People will think of the outstanding Tmall real-time big screen when talking about the Double 11 shopping campaign. The real-time big screen is impressive for its most typical stream computing architecture:

  • Data collection: Collect data from each source in real time.
  • Data collection: Collect data from each source in real time.
  • Real-time computing: Subscribe to real-time data and compute data in windows by using the computing rules. This is the most important part in the process.
  • Result storage: Store the computing results in SQL and NoSQL databases.
  • Visualization: Call the results by using APIs for demonstration.

In Alibaba Group, many mature products can be used to complete such work. The following figure shows the products generally used.

Figure 1. Related products


Besides the preceding solution, you can also use the LogSearch/Analytics APIs of Log Service to  directly interconnect with DataV to display data on a big screen.

Figure 2. Log Service + DataV


In September 2017, Log Service enhanced the real-time log analysis function (LogSearch/Analytics), which allows you to analyze logs in real time by using query and SQL92 syntax.  Besides the built-in dashboard, Log Service supports the interconnection methods such as Grafana and Tableau (JDBC) to achieve result analysis visualization.

Features

Based on the data volume, timeliness, and business needs, computing is generally divided into two modes:

  • Real-time computing (stream computing): Fixed computing + variable data.
  • Offline computing (data warehouse + offline computing): Variable computing + fixed data.

Log Service provides two interconnection methods to collect data in real time. In addition, in log analysis scenarios that has timeliness needs, LogHub data can be indexed in real time. Then, you can use LogSearch/Analytics to directly query and analyze data.  This method has the following advantages:

  • Fast: You can obtain the results immediately after query is passed in by using APIs, without waiting or pre-computing the results.
  • Real-time: In 99.9% cases, the generated logs are displayed on the big screen within 1s.
  • Dynamic: Whether statistic method modification or supplementary data, the display results are refreshed in real time, without waiting for recomputation.

However, no computing system is omnipotent.

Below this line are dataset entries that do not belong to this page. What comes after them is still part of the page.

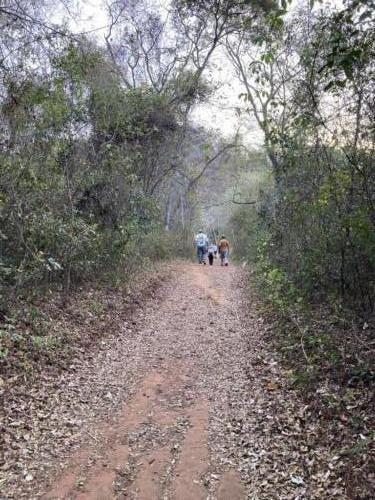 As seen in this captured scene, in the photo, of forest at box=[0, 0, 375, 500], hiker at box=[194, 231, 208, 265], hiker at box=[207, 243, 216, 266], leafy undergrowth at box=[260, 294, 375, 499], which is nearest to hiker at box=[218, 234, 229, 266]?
hiker at box=[207, 243, 216, 266]

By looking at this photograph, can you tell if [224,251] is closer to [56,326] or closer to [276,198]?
[276,198]

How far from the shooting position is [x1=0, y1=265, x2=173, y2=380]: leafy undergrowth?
6730 mm

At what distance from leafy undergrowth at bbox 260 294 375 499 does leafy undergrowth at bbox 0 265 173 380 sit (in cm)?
367

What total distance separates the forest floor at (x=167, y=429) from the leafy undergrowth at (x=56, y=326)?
238mm

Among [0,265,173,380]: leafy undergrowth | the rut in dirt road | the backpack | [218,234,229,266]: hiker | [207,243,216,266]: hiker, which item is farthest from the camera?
[207,243,216,266]: hiker

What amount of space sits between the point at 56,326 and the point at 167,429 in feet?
11.9

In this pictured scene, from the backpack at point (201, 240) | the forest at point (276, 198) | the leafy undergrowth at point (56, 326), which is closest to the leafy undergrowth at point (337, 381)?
the forest at point (276, 198)

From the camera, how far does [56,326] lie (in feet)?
27.4

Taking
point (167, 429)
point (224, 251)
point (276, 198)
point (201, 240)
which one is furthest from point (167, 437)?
point (201, 240)

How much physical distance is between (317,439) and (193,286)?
11.2 m

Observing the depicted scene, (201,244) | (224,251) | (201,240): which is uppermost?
(201,240)

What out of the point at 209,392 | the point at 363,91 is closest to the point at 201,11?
the point at 363,91

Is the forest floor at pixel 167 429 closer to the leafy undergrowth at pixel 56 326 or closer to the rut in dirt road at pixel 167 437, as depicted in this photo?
the rut in dirt road at pixel 167 437

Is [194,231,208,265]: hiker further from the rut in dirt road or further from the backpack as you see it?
the rut in dirt road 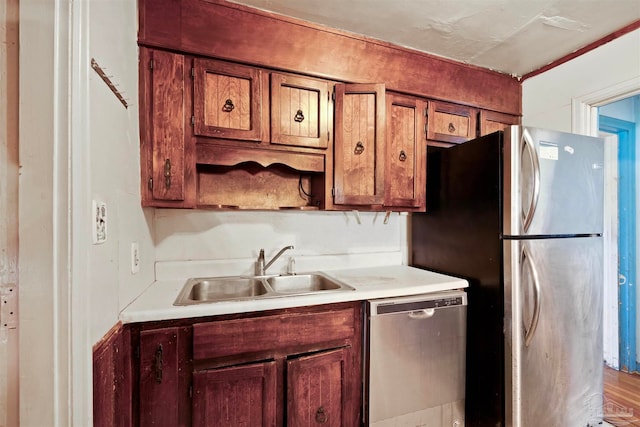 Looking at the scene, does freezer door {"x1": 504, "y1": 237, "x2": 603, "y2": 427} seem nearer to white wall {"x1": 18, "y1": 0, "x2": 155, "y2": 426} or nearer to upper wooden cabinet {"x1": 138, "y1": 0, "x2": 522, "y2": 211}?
upper wooden cabinet {"x1": 138, "y1": 0, "x2": 522, "y2": 211}

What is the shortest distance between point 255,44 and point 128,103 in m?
0.72

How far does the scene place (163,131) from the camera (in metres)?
1.39

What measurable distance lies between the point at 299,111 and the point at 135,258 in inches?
43.9

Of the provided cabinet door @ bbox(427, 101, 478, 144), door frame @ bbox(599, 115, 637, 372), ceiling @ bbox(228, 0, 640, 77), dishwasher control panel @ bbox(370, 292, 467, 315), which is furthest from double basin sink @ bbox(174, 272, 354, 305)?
door frame @ bbox(599, 115, 637, 372)

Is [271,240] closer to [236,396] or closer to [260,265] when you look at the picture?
[260,265]

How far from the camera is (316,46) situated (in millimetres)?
1635

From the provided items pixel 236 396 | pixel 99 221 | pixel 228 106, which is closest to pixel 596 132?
pixel 228 106

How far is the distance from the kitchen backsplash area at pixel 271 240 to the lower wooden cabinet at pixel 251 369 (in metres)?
0.61

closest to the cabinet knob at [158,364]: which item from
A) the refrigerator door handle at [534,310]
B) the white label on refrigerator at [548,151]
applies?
the refrigerator door handle at [534,310]

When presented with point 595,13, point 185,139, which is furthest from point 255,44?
point 595,13

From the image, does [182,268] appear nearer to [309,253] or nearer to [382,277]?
[309,253]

This method has the following limits:

  • Data volume: Up to 10 billion GB data can be computed at a time. You must set the time limit if the data volume is exceeded.
  • Computing flexibility: Currently, only the SQL92 syntax is supported for computing. Custom UDF is unsupported.
Figure 3. Log service advantage


Configuration process

Operation Demonstration:

To interconnect Log Service data with DataV big screen, follow these steps:

  1. Collect data. See 5-minute quick start to access the data source to Log Service.
  2. Set the index See Index settings and visualization or Use case for website log analysis in Best Practices.
  3. Interconnect with the DataV plug-in to convert the real-time results queried by using the SQL statement to a view.

After completing steps 1 and 2, you can view the raw logs on the search page. This document mainly describes how to perform step 3.

Procedure

Step 1 Create a DataV data source

Click Data Sources in the left-side navigation pane. Click Add Source. The New Data Source dialog box appears.  Enter the basic information of the data source. The following table describes the definition of each configuration item.

Figure 4. New data


Configuration item  Description 
Type  Select Log Service (SLS).
Name Configure a name for the data source.
AK ID The AccessKey ID of the main account, or the AccessKey ID of the sub-account that has the permission to read Log Service.
AK Secret The AccessKey Secret of the main account, or the AccessKey Secret of the sub-account that has the permission to read Log Service.
Endpoint The address of the region where the Log Service project resides. In the preceding figure, the address of region Hangzhou is entered.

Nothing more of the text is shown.